16 While Paul was waiting for them in Athens, he was greatly distressed to see that the city was full of idols. 17 So he reasoned in the synagogue with both Jews and God-fearing Greeks, as well as in the market-place day by day with those who happened to be there. 18 A group of Epicurean and Stoic philosophers began to debate with him. Some of them asked, ‘What is this babbler trying to say?’ Others remarked, ‘He seems to be advocating foreign gods.’ They said this because Paul was preaching the good news about Jesus and the resurrection. 19 Then they took him and brought him to a meeting of the Areopagus, where they said to him, ‘May we know what this new teaching is that you are presenting? 20 You are bringing some strange ideas to our ears, and we would like to know what they mean.’ 21 (All the Athenians and the foreigners who lived there spent their time doing nothing but talking about and listening to the latest ideas.)

22 Paul then stood up in the meeting of the Areopagus and said: ‘People of Athens! I see that in every way you are very religious. 23 For as I walked around and looked carefully at your objects of worship, I even found an altar with this inscription: to an unknown god. So you are ignorant of the very thing you worship – and this is what I am going to proclaim to you.

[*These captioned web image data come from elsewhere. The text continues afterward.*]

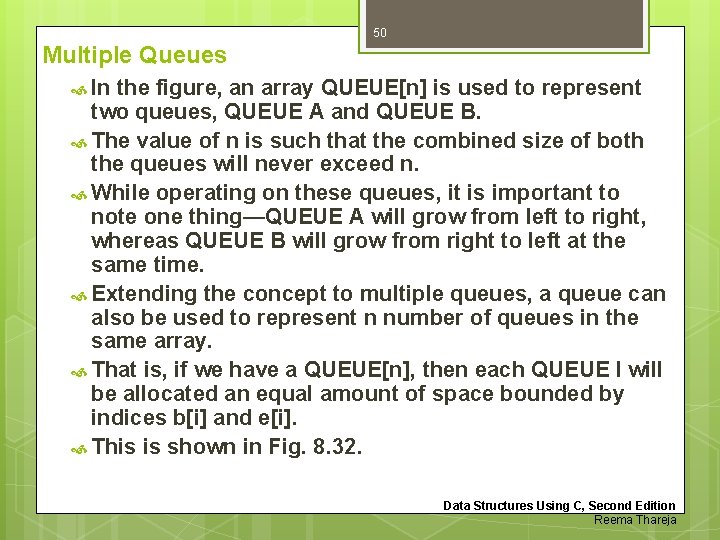 50 Multiple Queues In the figure, an array QUEUE[n] is used to represent two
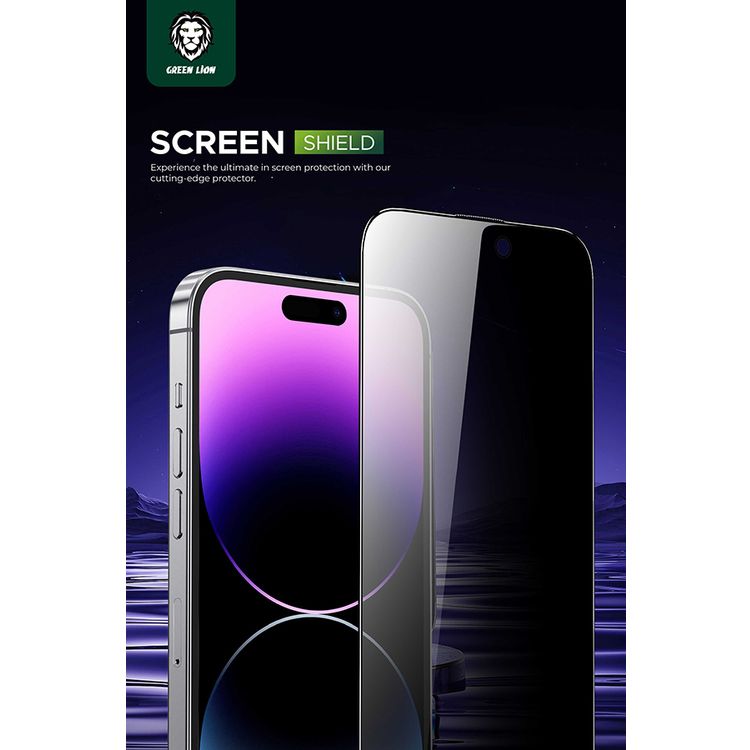 Green Lion 9H Steve Privacy Screen Protector for iPhone 15 Pro, Anti-Peeping for Side View Blocking, Anti-Fingerprint & Anti-Scratch, Grease Resistance, Bubble-Free Installation - Black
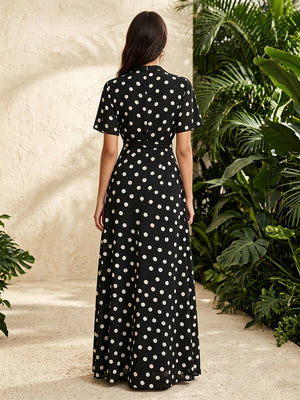 Chiffon A Line V Neck Polka Dot Corset Formal Dresses for Women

24 ‘The God who made the world and everything in it is the Lord of heaven and earth and does not live in temples built by human hands. 25 And he is not served by human hands, as if he needed anything. Rather, he himself gives everyone life and breath and everything else. 26 From one man he made all the nations, that they should inhabit the whole earth; and he marked out their appointed times in history and the boundaries of their lands. 27 God did this so that they would seek him and perhaps reach out for him and find him, though he is not far from any one of us. 28 “For in him we live and move and have our being.” As some of your own poets have said, “We are his offspring.”

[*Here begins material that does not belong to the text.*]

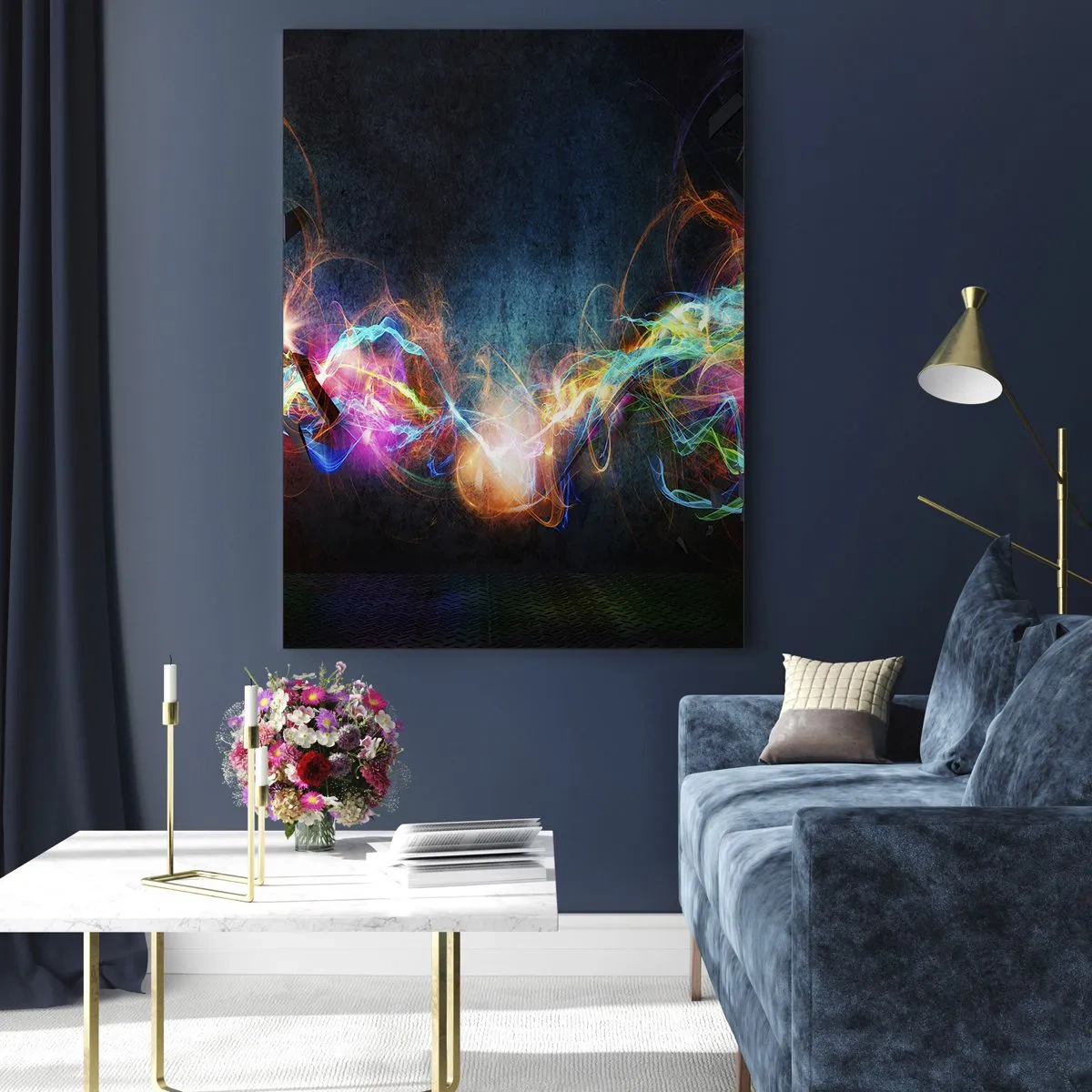 Glasbild - Bild auf glas - Abstrakte Lichter und farbenfrohe Energie im futuristischen Stil - 50x70cm - Freudig gegen die Dunkelheit - Moderne Wanddekoration für Wohnzimmer und Schlafzimmer ARTTOR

Today’s passage starts out with a lot of identifying labels. Paul, a believer in Jesus, is in Athens at a time not long after the resurrection of Jesus. In just the first few verses of the passage the following groups are mentioned: Jews, Greeks, Stoics, and Epicureans. Later we also get Athenians mentioned. Then notice what people thought Paul was doing by talking about Jesus and the resurrection, “he seems to be advocating foreign gods.”

What does that mean?

It means that in the worldviews of the Ancient Near East, and Ancient Mediterranean, different groups of people had their own specific gods. People generally had the view that Jews had their god, Greeks had their gods, Athenians had Athena, etc. What’s Paul doing, they wondered? He is advocating foreign gods. We haven’t heard about this god. Whose god is this god? Must be a god of foreign people. Surely not our god. We are Jews, Greeks, Stoics, Epicureans, Athenians, etc.  

Isn’t it fascinating how often we put our labels before our beliefs? Where does that lead us? If I’m a part of this group, and this group believes this thing, then I believe it too. To say nothing of whatever that belief may be, or whether it is true, or whether it is good, or if it fits in with anything else I might believe. 

Paul’s message is actually so radically different from this segregated worldview. He goes on to tell the curious among all the people from all the different groups that there is a God that transcends all our human labels. “The God who made the world and everything in it does not live in Temples made by human hands.” So much so that Paul regards all his hearers as, “God’s offspring.”

God’s Children.

Not Jews, Greeks, Stoics, Epicureans, rich, poor, Scots, English, Irish, Americans, Southerners, Northerners, educated, uneducated. . . 

God’s Children.

 

Prayer:

 

Dear God we proclaim that you are the God that made the world and everything in it! You do not live in temples built by human hands. You give us life and breath, and we live and breathe and have our being in you. We reach out to you!

 

Today, empower us to see our neighbours as God’s children, no matter what other labels the world might place on them. No matter if our neighbours know it or not, may we see them as your precious children, for whom you died on the cross paying an immeasurable price for their salvation.  

 

Amen!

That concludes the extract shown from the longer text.